» **Exercise requirements**
Pictures stay out of the copy. Everything else in the records must be repeated exactly.

****************

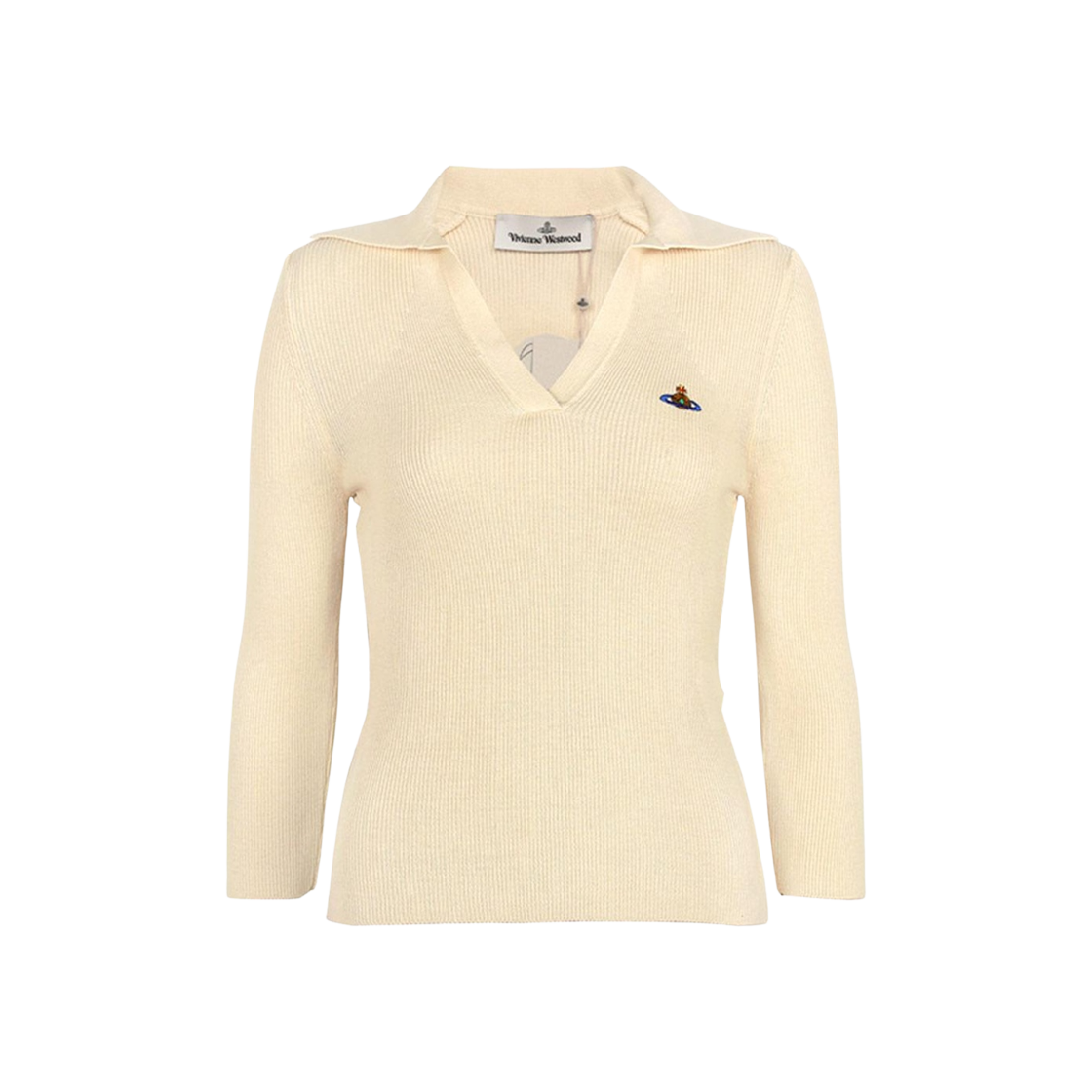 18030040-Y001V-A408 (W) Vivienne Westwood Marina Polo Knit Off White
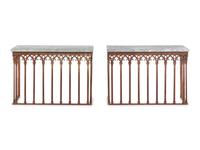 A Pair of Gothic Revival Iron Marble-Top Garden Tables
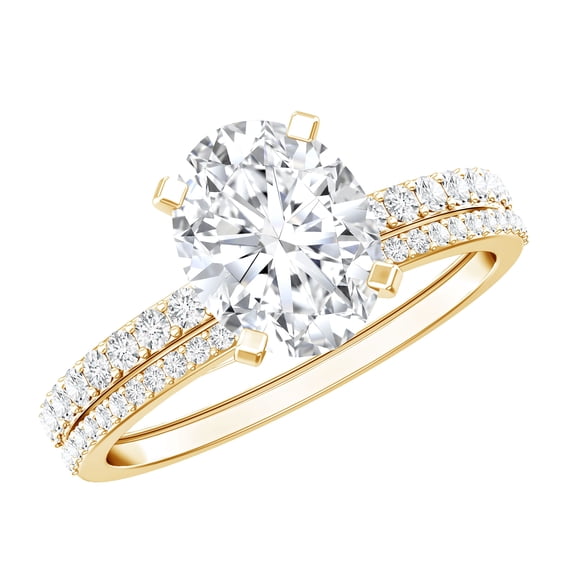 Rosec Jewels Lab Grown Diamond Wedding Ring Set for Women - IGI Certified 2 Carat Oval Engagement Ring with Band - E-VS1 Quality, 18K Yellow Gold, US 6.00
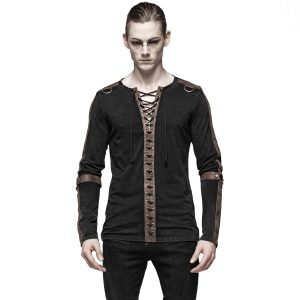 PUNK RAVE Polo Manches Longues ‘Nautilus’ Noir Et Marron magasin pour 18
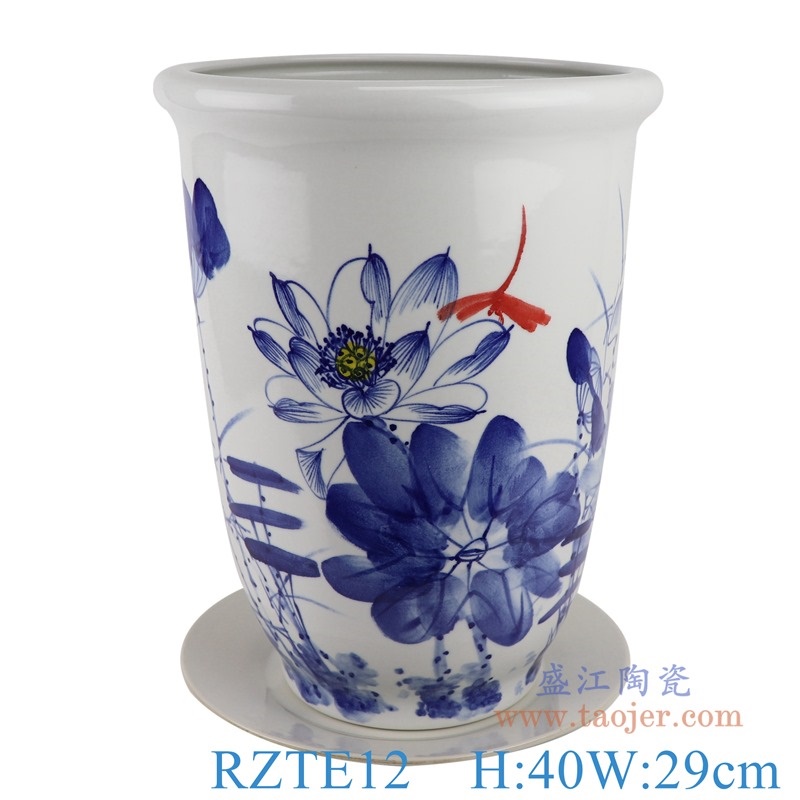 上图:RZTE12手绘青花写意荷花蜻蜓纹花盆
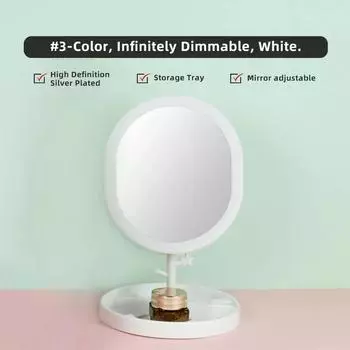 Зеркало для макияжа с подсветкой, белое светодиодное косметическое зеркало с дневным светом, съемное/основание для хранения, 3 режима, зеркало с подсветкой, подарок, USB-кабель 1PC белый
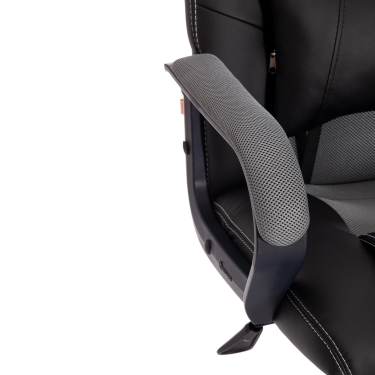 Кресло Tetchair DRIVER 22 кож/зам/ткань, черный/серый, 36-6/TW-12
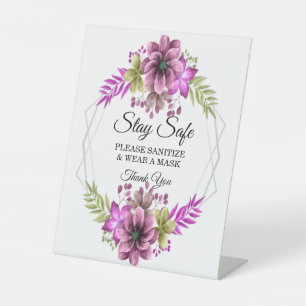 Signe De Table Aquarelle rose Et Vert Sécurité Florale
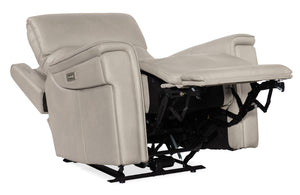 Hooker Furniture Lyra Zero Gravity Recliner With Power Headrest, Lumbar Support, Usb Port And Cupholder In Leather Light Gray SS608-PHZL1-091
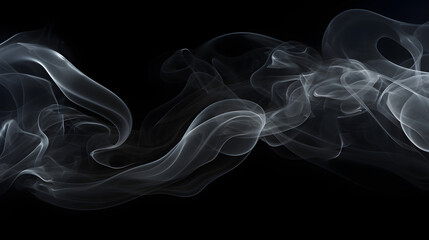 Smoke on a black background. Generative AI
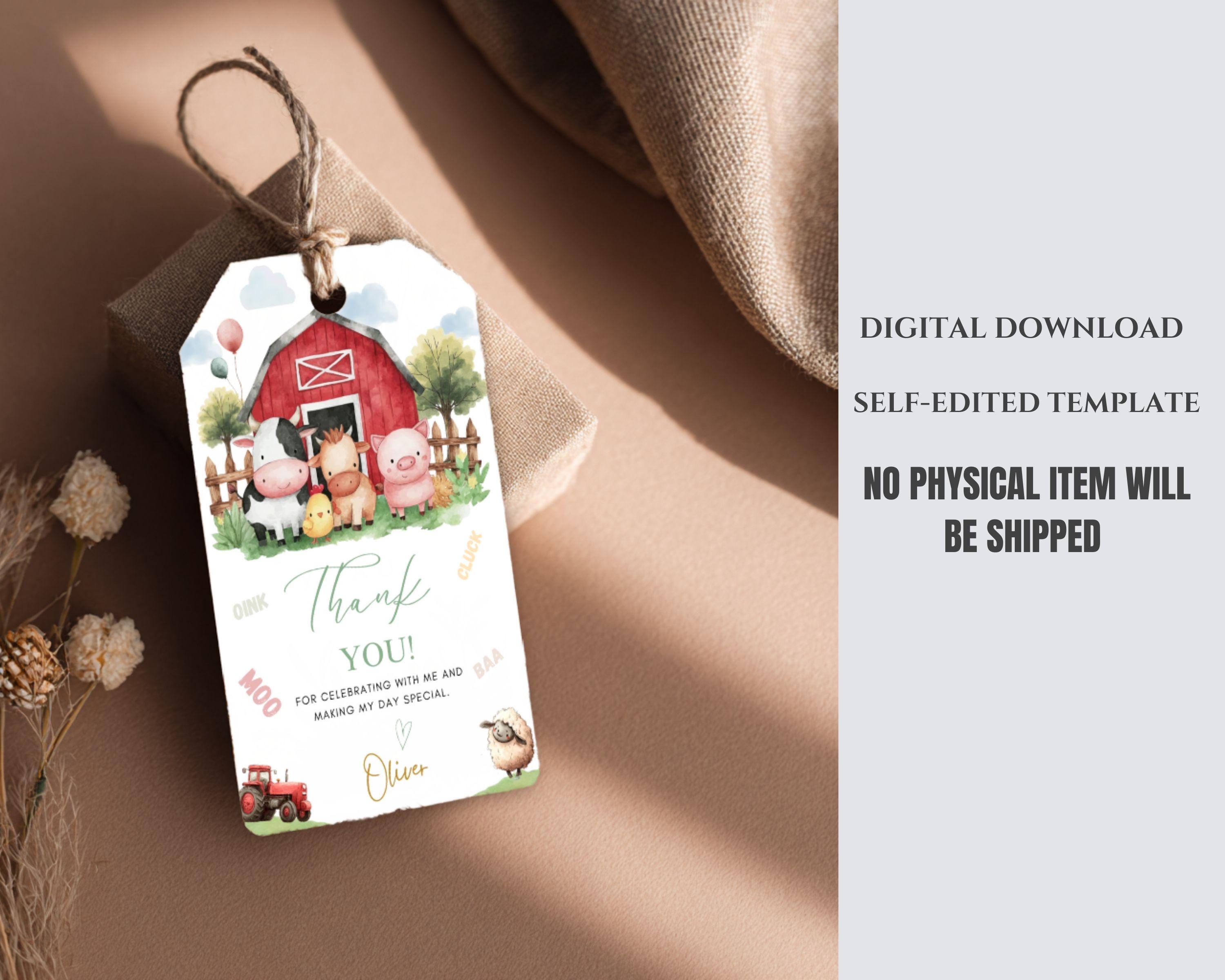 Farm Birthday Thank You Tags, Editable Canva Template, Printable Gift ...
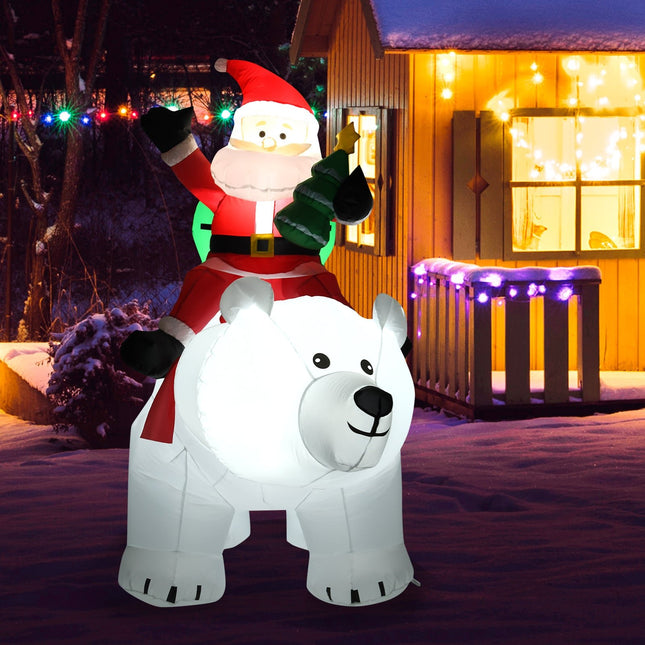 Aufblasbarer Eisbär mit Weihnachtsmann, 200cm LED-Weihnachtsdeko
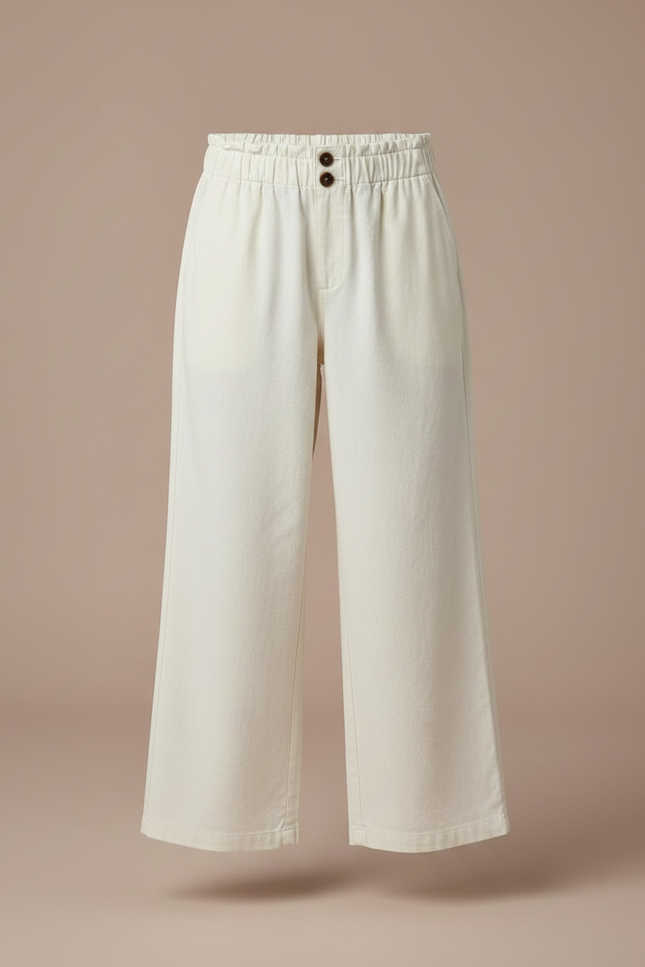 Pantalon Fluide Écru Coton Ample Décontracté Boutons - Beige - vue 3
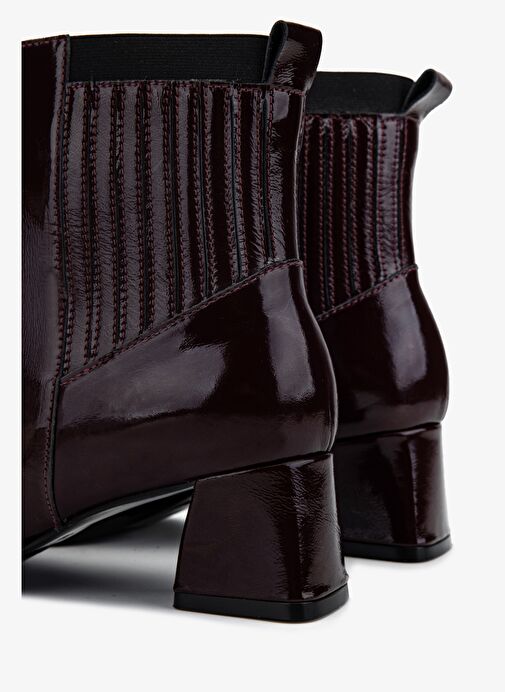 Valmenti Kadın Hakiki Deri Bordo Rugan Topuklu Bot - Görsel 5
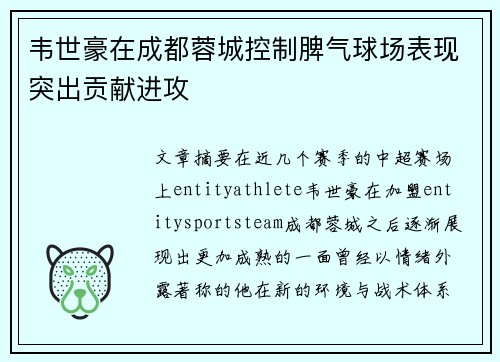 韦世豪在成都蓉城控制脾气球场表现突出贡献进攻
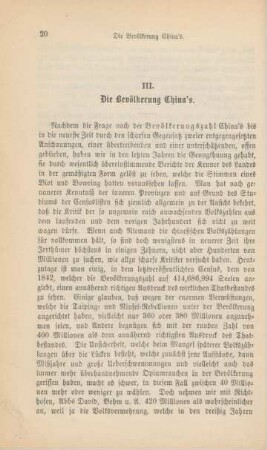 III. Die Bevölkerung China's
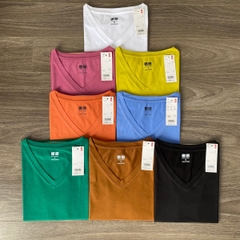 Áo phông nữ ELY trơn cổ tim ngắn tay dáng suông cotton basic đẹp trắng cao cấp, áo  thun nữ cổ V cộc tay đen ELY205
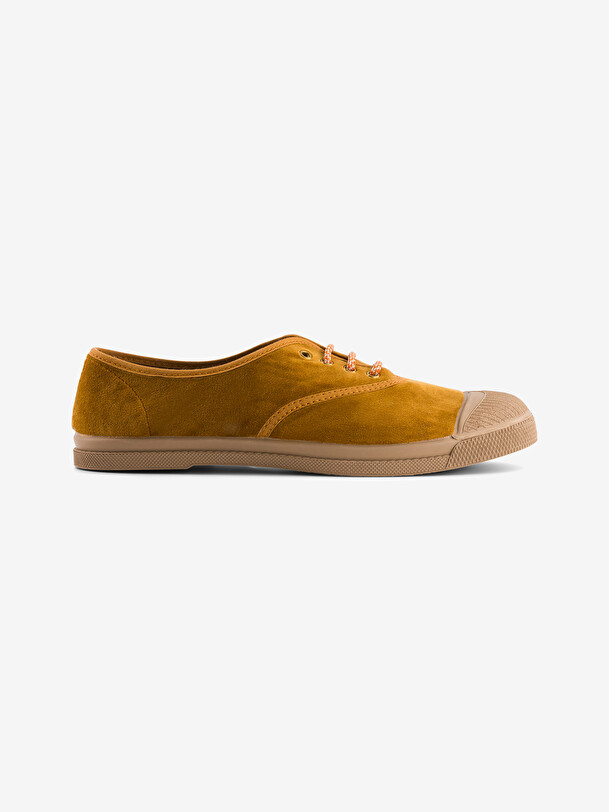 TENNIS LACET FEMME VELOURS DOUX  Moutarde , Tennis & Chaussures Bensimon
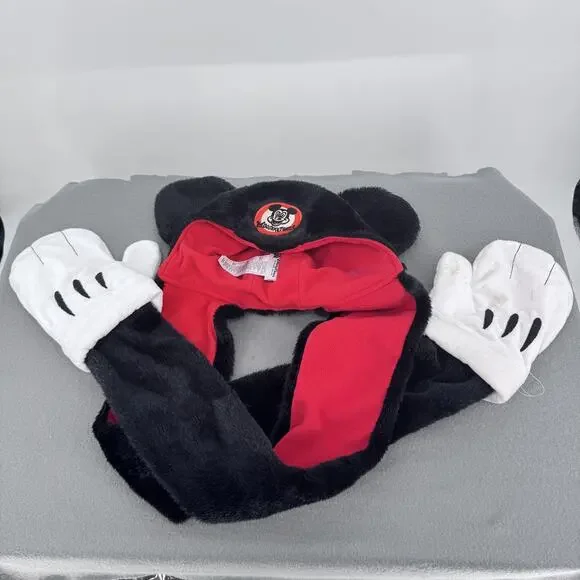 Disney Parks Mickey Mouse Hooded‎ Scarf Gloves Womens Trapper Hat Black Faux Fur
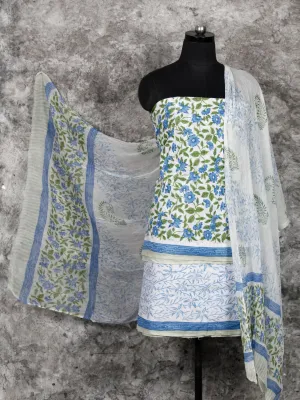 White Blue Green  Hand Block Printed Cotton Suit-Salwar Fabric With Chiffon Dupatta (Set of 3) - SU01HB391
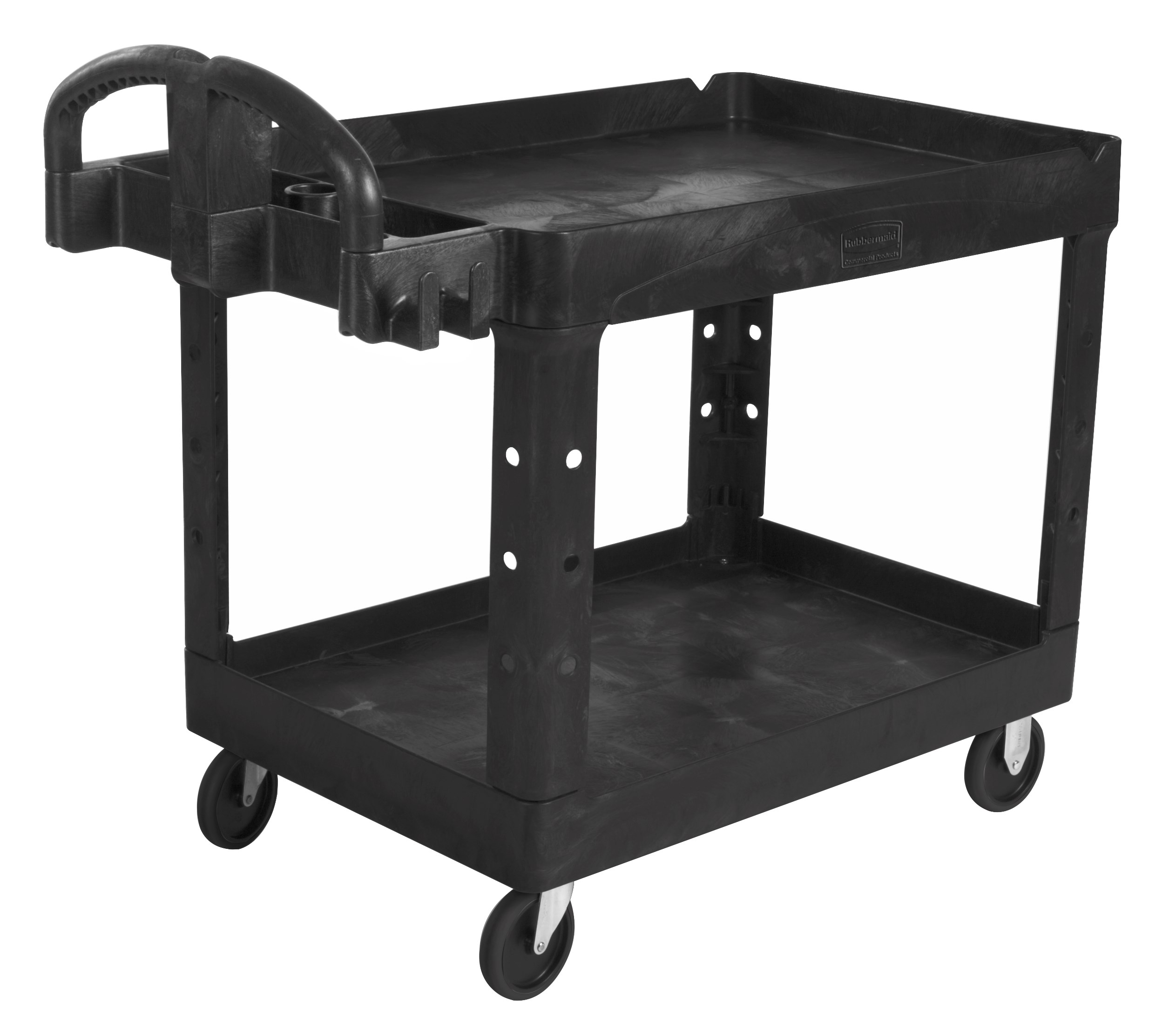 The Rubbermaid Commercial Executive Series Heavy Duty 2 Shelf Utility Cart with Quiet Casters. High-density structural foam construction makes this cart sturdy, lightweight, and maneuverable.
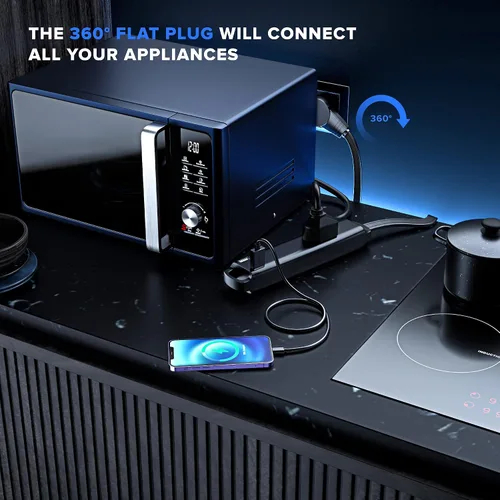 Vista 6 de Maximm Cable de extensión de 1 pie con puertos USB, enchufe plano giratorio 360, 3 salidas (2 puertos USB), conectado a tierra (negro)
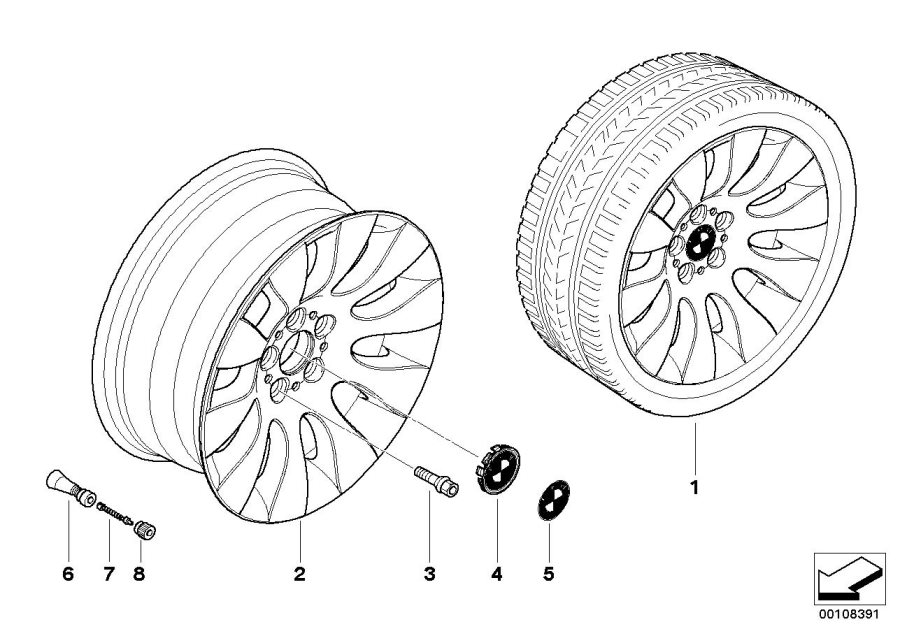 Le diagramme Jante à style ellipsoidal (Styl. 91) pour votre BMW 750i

****************

» **The completed task**
 18030040-Y001V-A408 (W) Vivienne Westwood Marina Polo Knit Off White
 A Pair of Gothic Revival Iron Marble-Top Garden Tables
 Rosec Jewels Lab Grown Diamond Wedding Ring Set for Women - IGI Certified 2 Carat Oval Engagement Ring with Band - E-VS1 Quality, 18K Yellow Gold, US 6.00
 PUNK RAVE Polo Manches Longues ‘Nautilus’ Noir Et Marron magasin pour 18
 上图:RZTE12手绘青花写意荷花蜻蜓纹花盆
 Зеркало для макияжа с подсветкой, белое светодиодное косметическое зеркало с дневным светом, съемное/основание для хранения, 3 режима, зеркало с подсветкой, подарок, USB-кабель 1PC белый
 Кресло Tetchair DRIVER 22 кож/зам/ткань, черный/серый, 36-6/TW-12
 Signe De Table Aquarelle rose Et Vert Sécurité Florale
 Hooker Furniture Lyra Zero Gravity Recliner With Power Headrest, Lumbar Support, Usb Port And Cupholder In Leather Light Gray SS608-PHZL1-091
 Smoke on a black background. Generative AI
 Farm Birthday Thank You Tags, Editable Canva Template, Printable Gift ...
 Aufblasbarer Eisbär mit Weihnachtsmann, 200cm LED-Weihnachtsdeko
 Pantalon Fluide Écru Coton Ample Décontracté Boutons - Beige - vue 3
 Valmenti Kadın Hakiki Deri Bordo Rugan Topuklu Bot - Görsel 5
 韦世豪在成都蓉城控制脾气球场表现突出贡献进攻
 III. Die Bevölkerung China's
 Áo phông nữ ELY trơn cổ tim ngắn tay dáng suông cotton basic đẹp trắng cao cấp, áo  thun nữ cổ V cộc tay đen ELY205
 TENNIS LACET FEMME VELOURS DOUX  Moutarde , Tennis & Chaussures Bensimon
 Disney Parks Mickey Mouse Hooded‎ Scarf Gloves Womens Trapper Hat Black Faux Fur
 White Blue Green  Hand Block Printed Cotton Suit-Salwar Fabric With Chiffon Dupatta (Set of 3) - SU01HB391
 The Rubbermaid Commercial Executive Series Heavy Duty 2 Shelf Utility Cart with Quiet Casters. High-density structural foam construction makes this cart sturdy, lightweight, and maneuverable.
 Vista 6 de Maximm Cable de extensión de 1 pie con puertos USB, enchufe plano giratorio 360, 3 salidas (2 puertos USB), conectado a tierra (negro)
 Le diagramme Jante à style ellipsoidal (Styl. 91) pour votre BMW 750i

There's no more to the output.